#### Task requirements
If pictures appear in the lines below, skip them and copy exactly the lines from the one containing "Size 6 Czech" through the one containing "Pink 2-tone earrings", and nothing else.

(Record set begins)

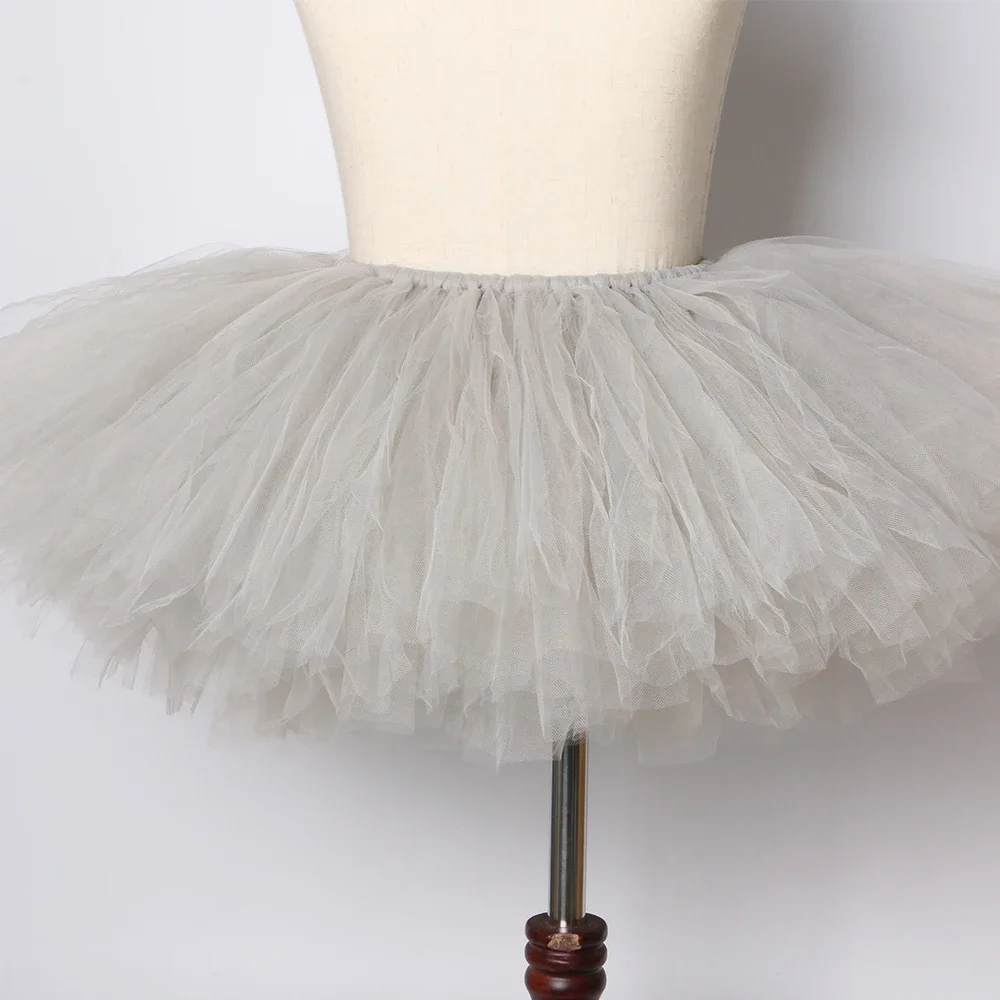 Gray Girls Tutu Skirt Fluffy Handmade Children Tulle Skirt Kids Ballet Dance Pettiskirt Baby Girl Birthday Party Tutu 1-14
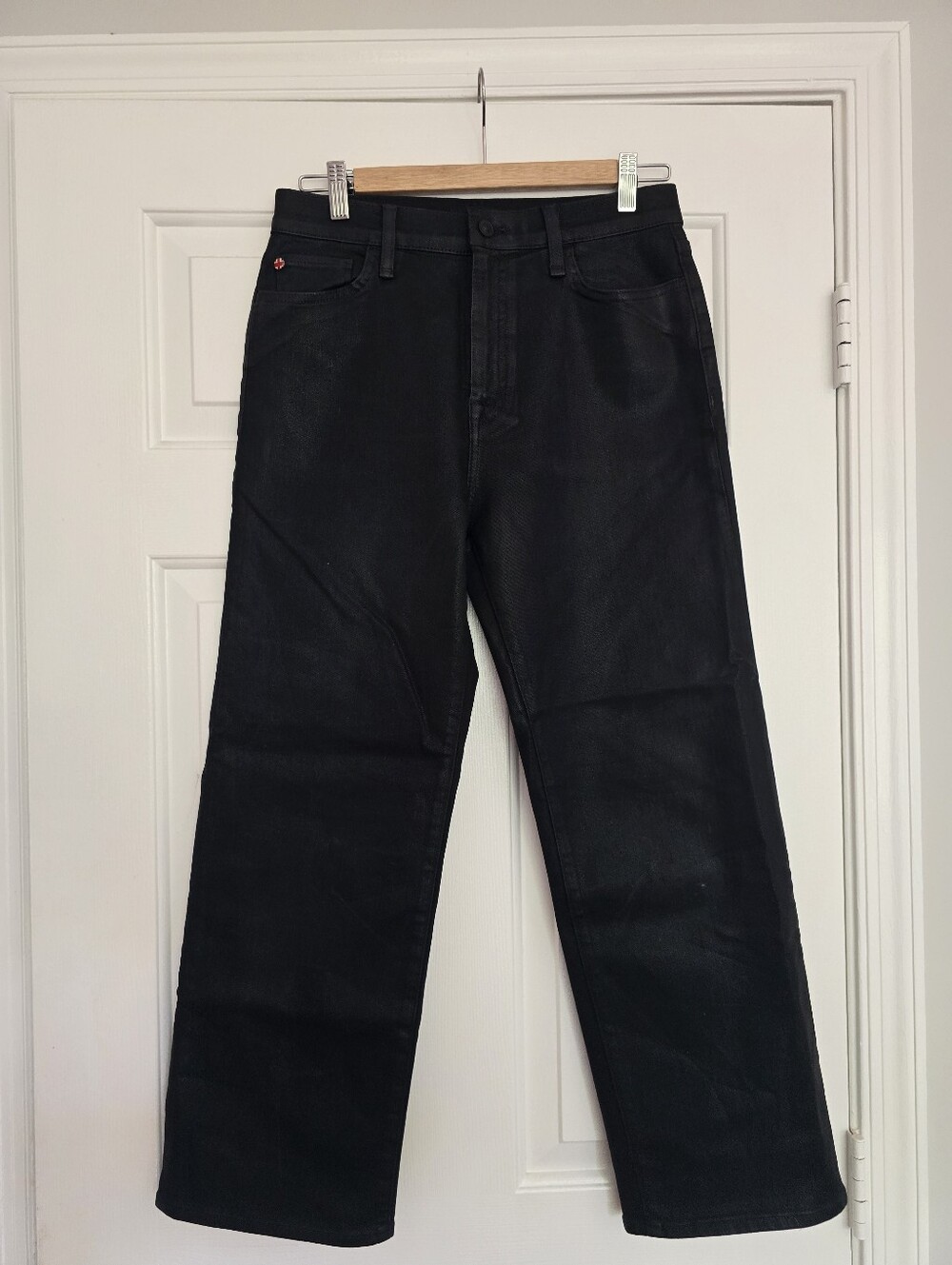 HUDSON Noa High-Rise Straight Crop Jeans COATED BLACK Stellar, 28) - Picture 3 of 6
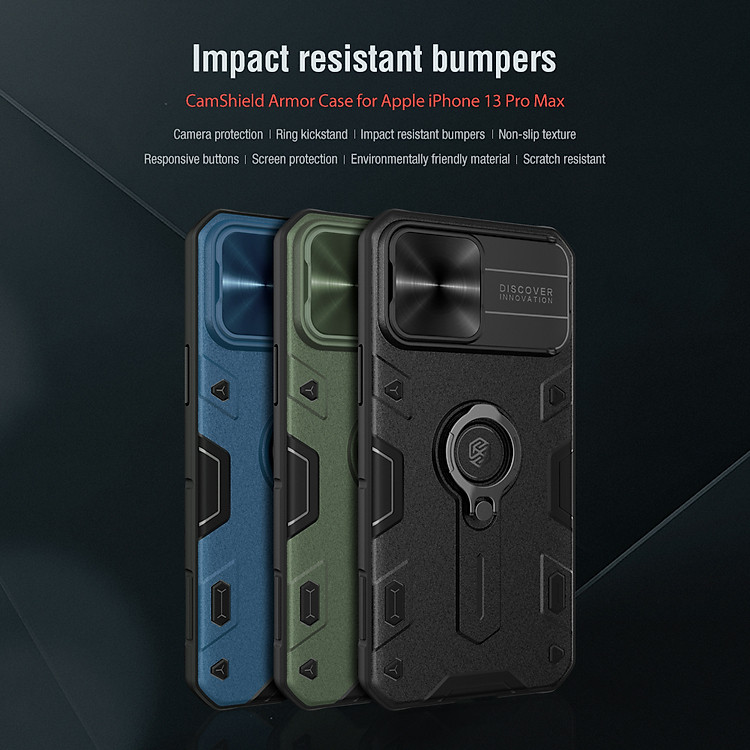 Ốp Lưng Nillkin CamShield Armor Cho iPhone 13 / 13 Pro / iPhone 13 Pro Max - Hàng Nhập Khẩu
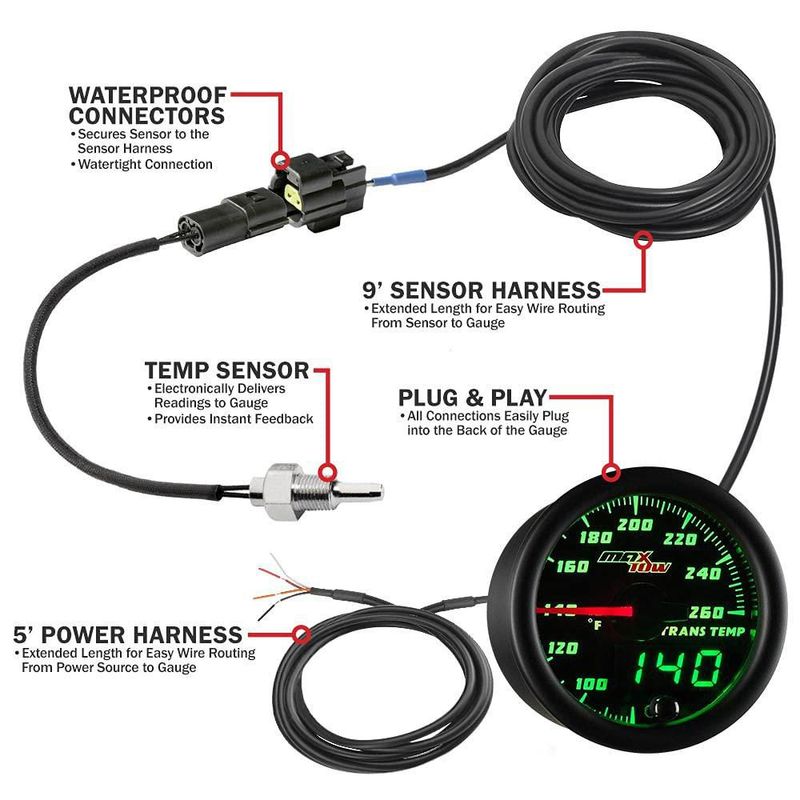 Indicador MaxTow de Temperatura de Transmisión 52 mm Negro y Verde 260 °F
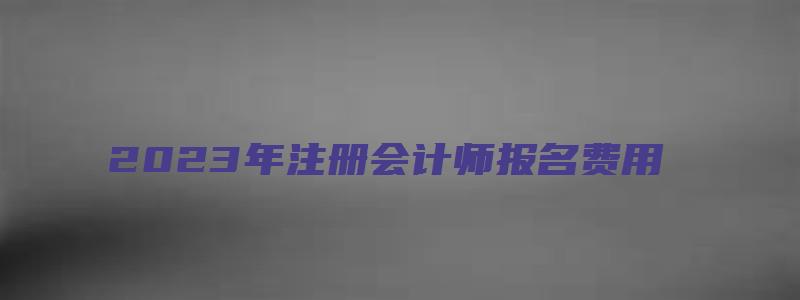 2023年注册会计师报名费用（注册会计师考试费用一科多少）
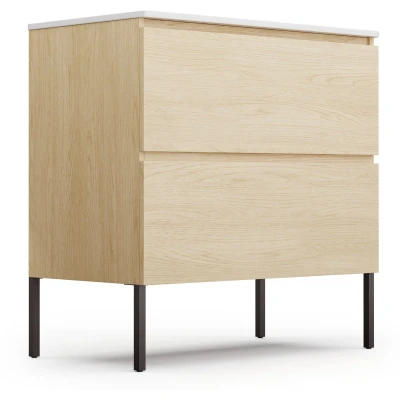 Afbeelding van Blumfeldt Johnstone Wastafel Badkamerkast 80 cm Met keramische waskom Softclose functie 2 Schuiflades Bergruimte Natuurhout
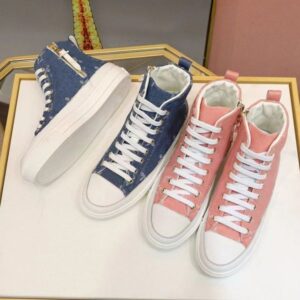 New Fashion Boots Deluxe Designer Canvas Shoes Rubber High top Casual Shoes Flat sole Printed Letter Splice Lace up Candy Outdoor Anti slip 36-40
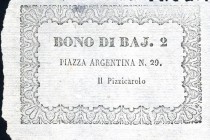 CARTAMONETA - STATO PONTIFICIO - Seconda Repubblica Romana (1849) - 2 Baiocchi Gav. 238 RRR P.zza Argentina n. 29 - Il Pizzicarolo
FDS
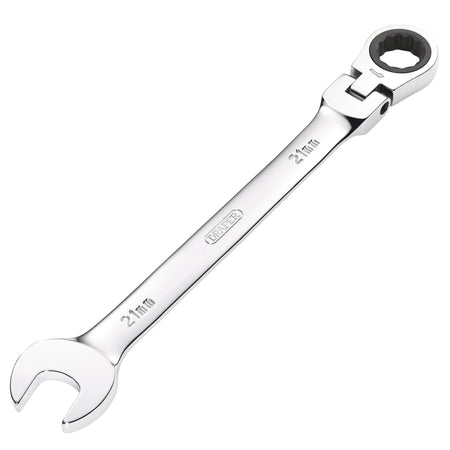 DRAPER 21mm Draper Hi-Torq ; Metric Flexible Head Ratcheting Combination Spanner: Model No.8230FMMB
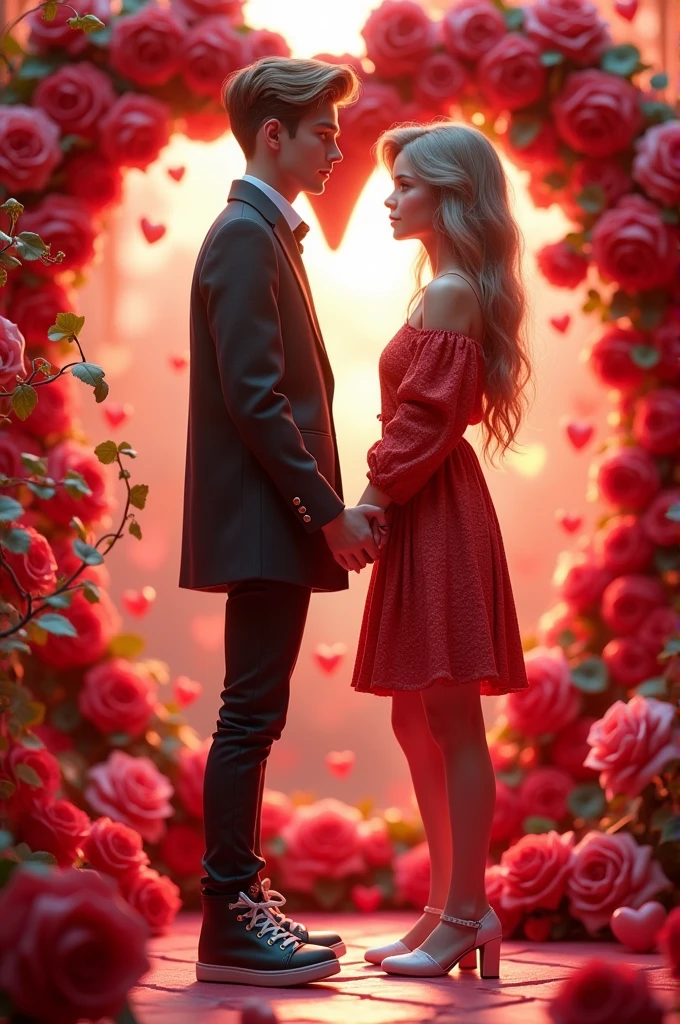 A young man with the initial "in" and a girl with initial "and" on a custom 3D background of red roses and hearts and with fashionable clothes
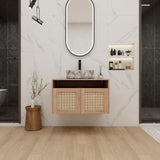 Bathroom Vanity With Art Sink, 2 Soft Close Doors, Float Mounting Design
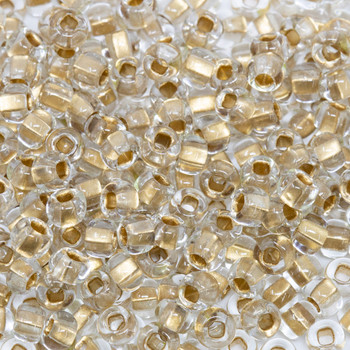 Size 6 Czech Seed Beads -- 815 Crystal / Bronze Lined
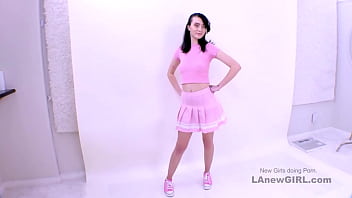 Cute Teen Brunette Nerd tries out Porn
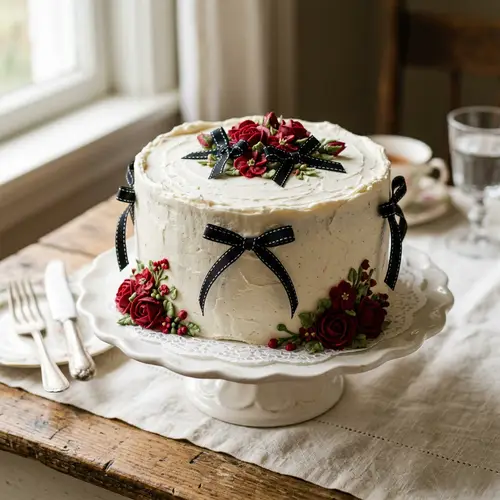Vintage White Dress with Black Bows & Red Flowers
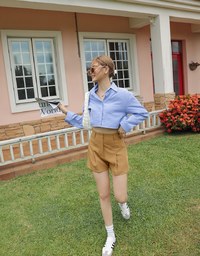 Simple Crop Long Sleeve Blouse Shirt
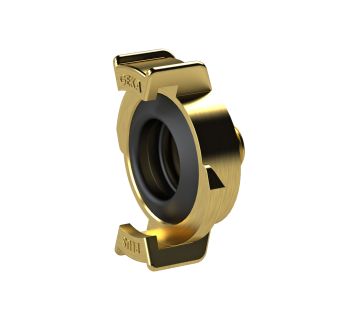 GEKA threaded piece, rigid, bright brass, G 1/4 exterior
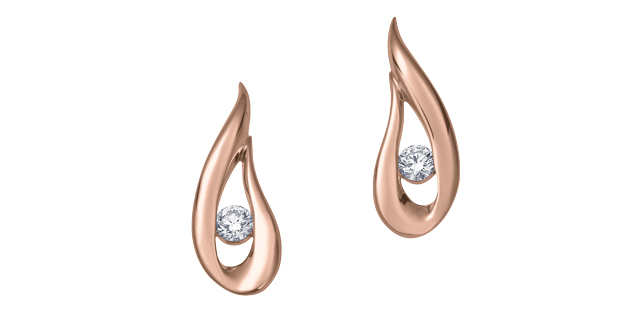 Pink 2-tone earrings 7 can dia pts with certificate - ML242RW14 - Corona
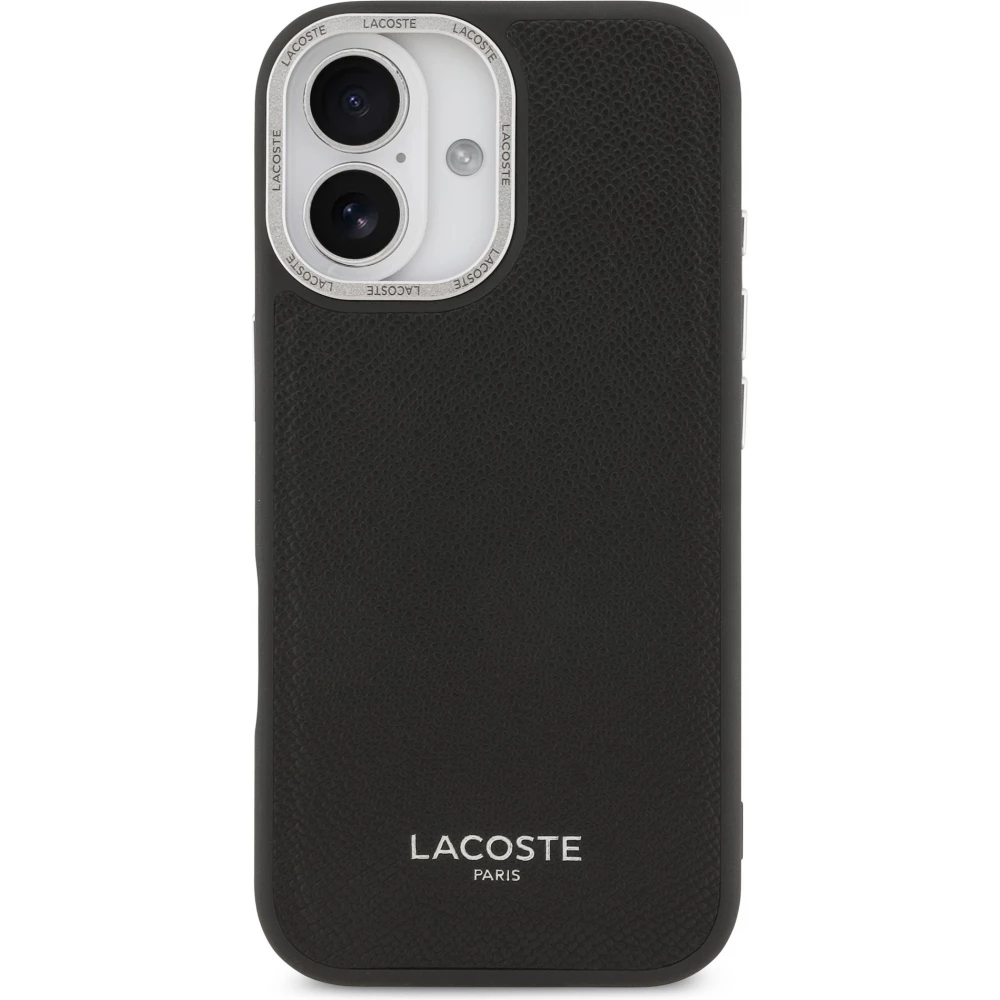 Coque iPhone 17 - Lacoste PU en cuir Champs Elysees MagSafe protection &eacute;l&eacute;gante et durable - Noir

(Record set ends)

#### Task result
 Size 6 Czech Seed Beads -- 815 Crystal / Bronze Lined
 Cute Teen Brunette Nerd tries out Porn
Vintage White Dress with Black Bows & Red Flowers
 Simple Crop Long Sleeve Blouse Shirt
 GEKA threaded piece, rigid, bright brass, G 1/4 exterior
 Pink 2-tone earrings 7 can dia pts with certificate - ML242RW14 - Corona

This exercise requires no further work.